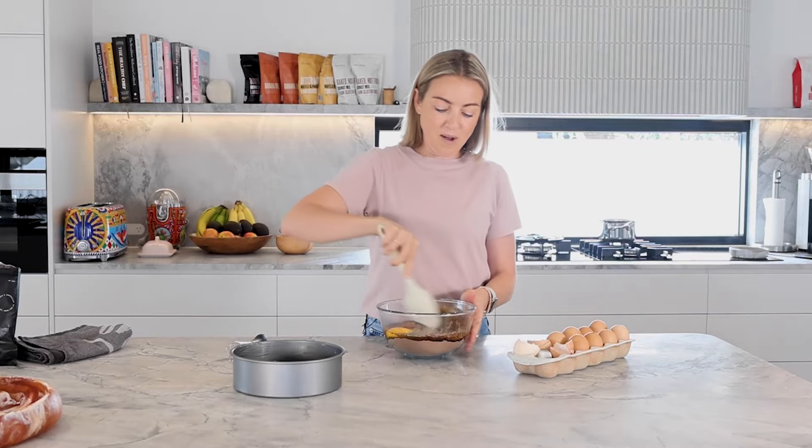We're going to let the butter cool slightly so it doesn't cook the eggs when we combine them. One packet of brownie mix into the bowl, three eggs, then we're going to add our melted, slightly cooled butter into the bowl, and we're just going to combine all of this together.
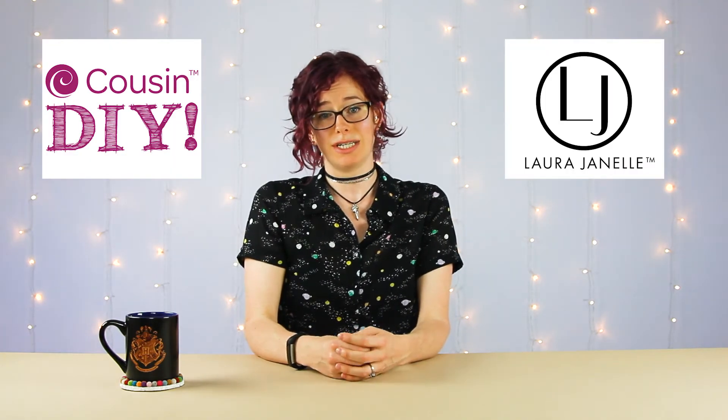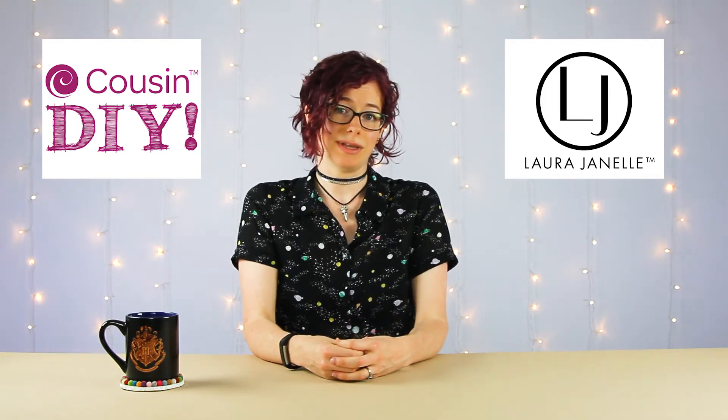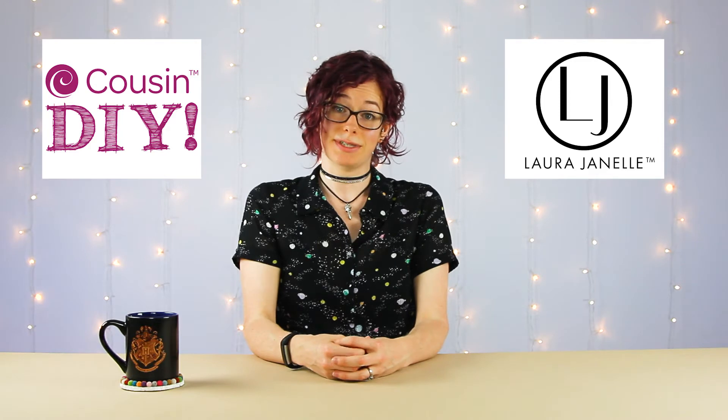Just a little bit about me — I'm the product photographer here at Cousin DIY and for our sister company, Laura Janelle, which is a fashion brand that creates a lot of jewelry, apparel, and giftable items. I photograph a lot of the images you see on our social media platforms, the stop motion animations, web banners on our website, and a lot of the product photos out there. So often if you see images on the website, I probably had something to do with them.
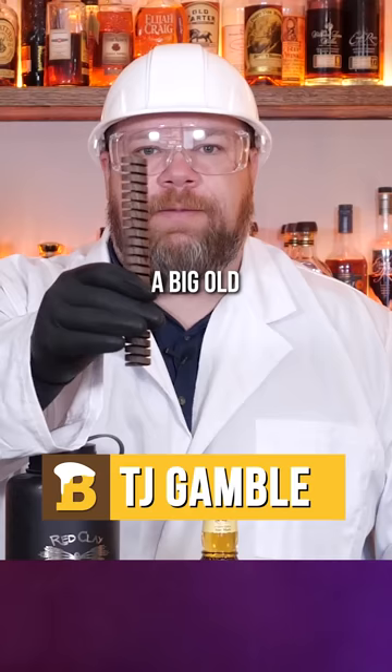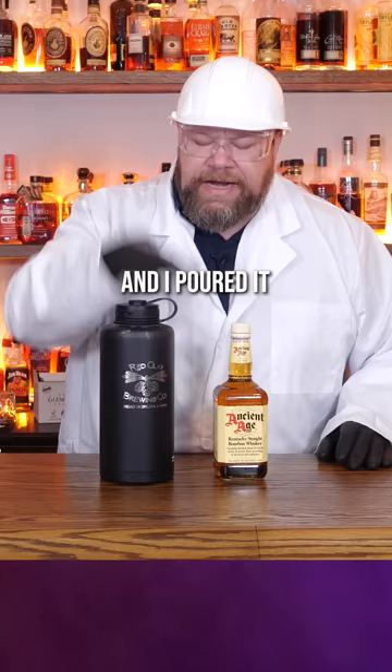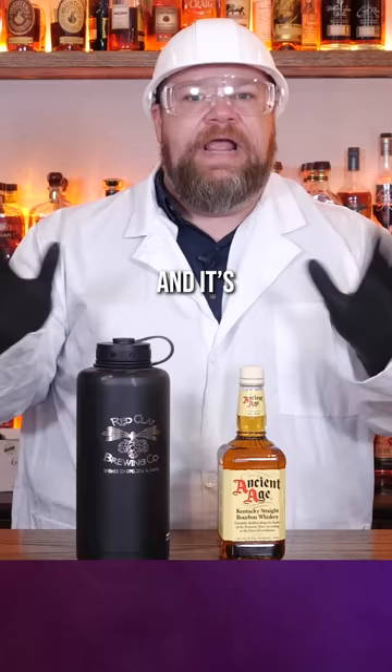We are back in the Bruzel Labs to bring you another bourbon experiment. I took a big old toasty oak spiral and a bottle of Ancient Age, poured it in my decanter, and it's been soaking for 10 days. Let's give it a try and see how it compares against our control pour.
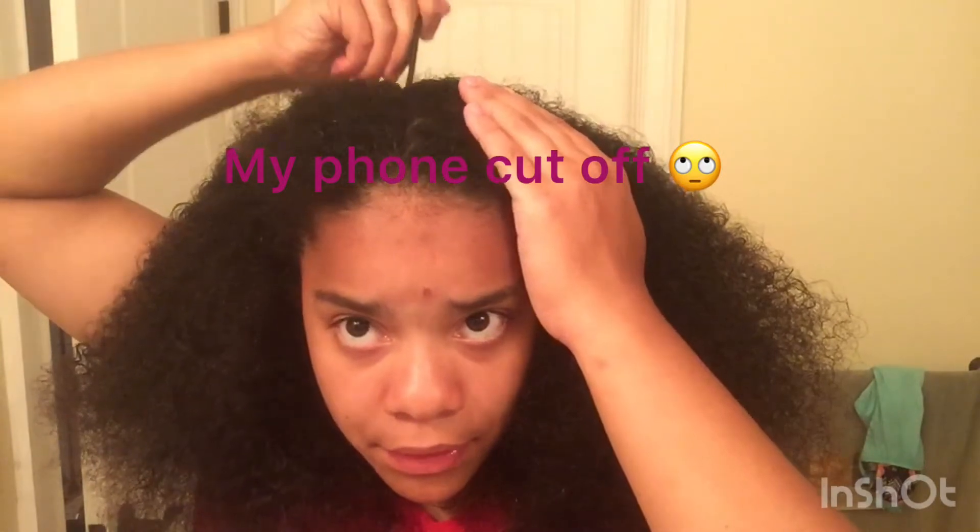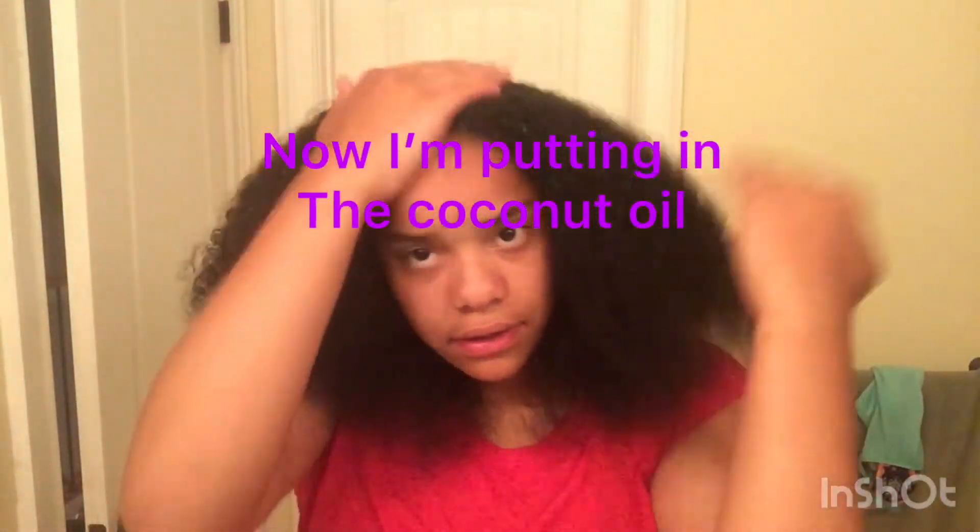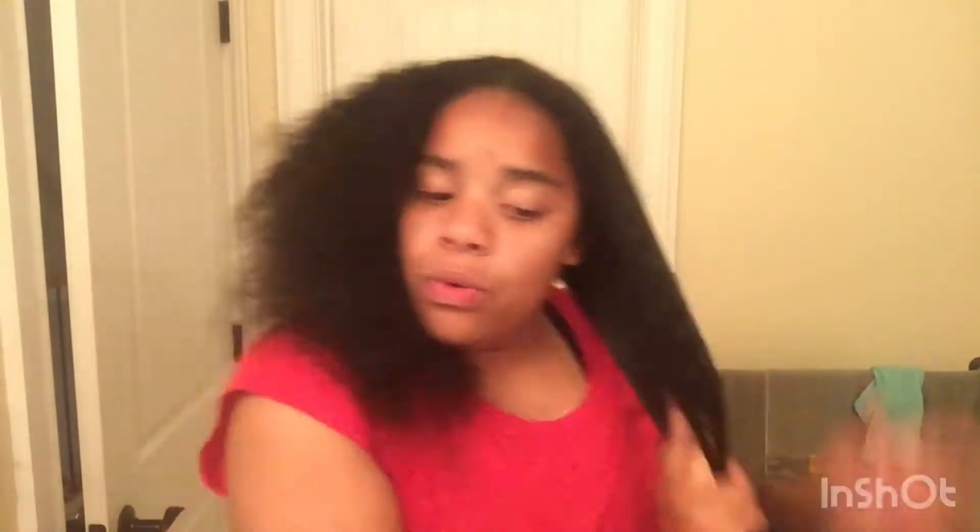Now I'll brush it out one more time. Now I'll add some coconut oil in there. A little bit more water.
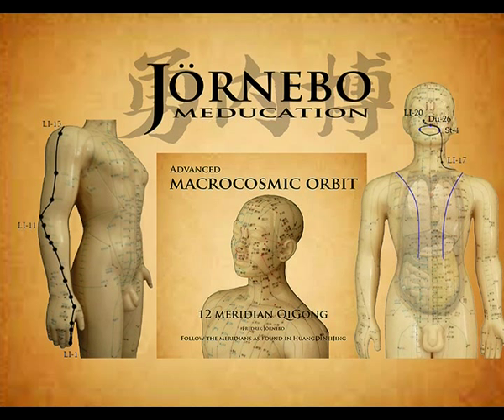The hand Yang Ming large intestine channel starts at the tip of the index finger at Shang Yang, Large Intestine 1. It runs along the side of the finger: Er Jian, Large Intestine 2; San Jian, Large Intestine 3; arrives at He Gu, Large Intestine 4, located in the tiger's mouth — the angle formed by the first and second metacarpal bones.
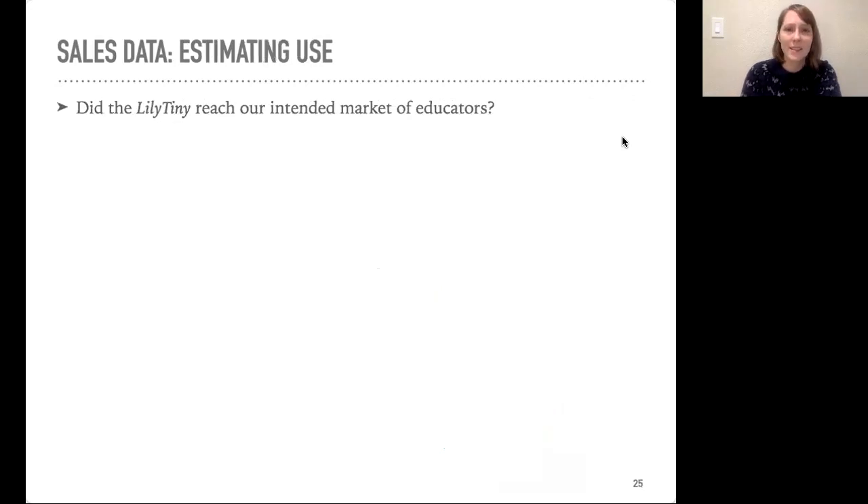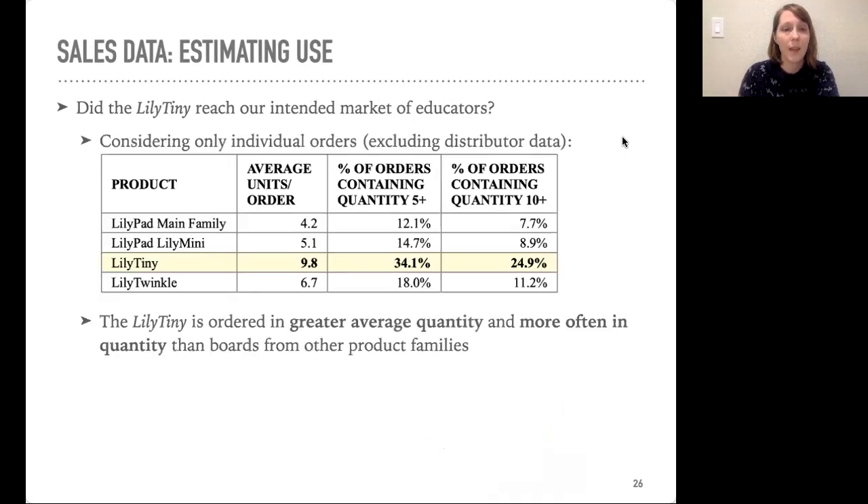We also wanted to understand if we reached our intended market of educators. The sales data doesn't specify who's purchasing the boards, but it does tell us the quantity in each order. We assume that hobbyists purchase a few at a time and educators are probably purchasing in bulk. When we took out the distributor data and looked only at customers, we found that the LilyTiny is ordered in greater average quantity and more often in quantity than boards from the other product families, suggesting it's being used in educational contexts.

INSTRUCTIONS TO FOLLOW. Reproduce the listing word for word, but keep the pictures out of it.

WORKED SOLUTION.
We're going to let the butter cool slightly so it doesn't cook the eggs when we combine them. One packet of brownie mix into the bowl, three eggs, then we're going to add our melted, slightly cooled butter into the bowl, and we're just going to combine all of this together.
Just a little bit about me — I'm the product photographer here at Cousin DIY and for our sister company, Laura Janelle, which is a fashion brand that creates a lot of jewelry, apparel, and giftable items. I photograph a lot of the images you see on our social media platforms, the stop motion animations, web banners on our website, and a lot of the product photos out there. So often if you see images on the website, I probably had something to do with them.
We are back in the Bruzel Labs to bring you another bourbon experiment. I took a big old toasty oak spiral and a bottle of Ancient Age, poured it in my decanter, and it's been soaking for 10 days. Let's give it a try and see how it compares against our control pour.
Now I'll brush it out one more time. Now I'll add some coconut oil in there. A little bit more water.
The hand Yang Ming large intestine channel starts at the tip of the index finger at Shang Yang, Large Intestine 1. It runs along the side of the finger: Er Jian, Large Intestine 2; San Jian, Large Intestine 3; arrives at He Gu, Large Intestine 4, located in the tiger's mouth — the angle formed by the first and second metacarpal bones.
We also wanted to understand if we reached our intended market of educators. The sales data doesn't specify who's purchasing the boards, but it does tell us the quantity in each order. We assume that hobbyists purchase a few at a time and educators are probably purchasing in bulk. When we took out the distributor data and looked only at customers, we found that the LilyTiny is ordered in greater average quantity and more often in quantity than boards from the other product families, suggesting it's being used in educational contexts.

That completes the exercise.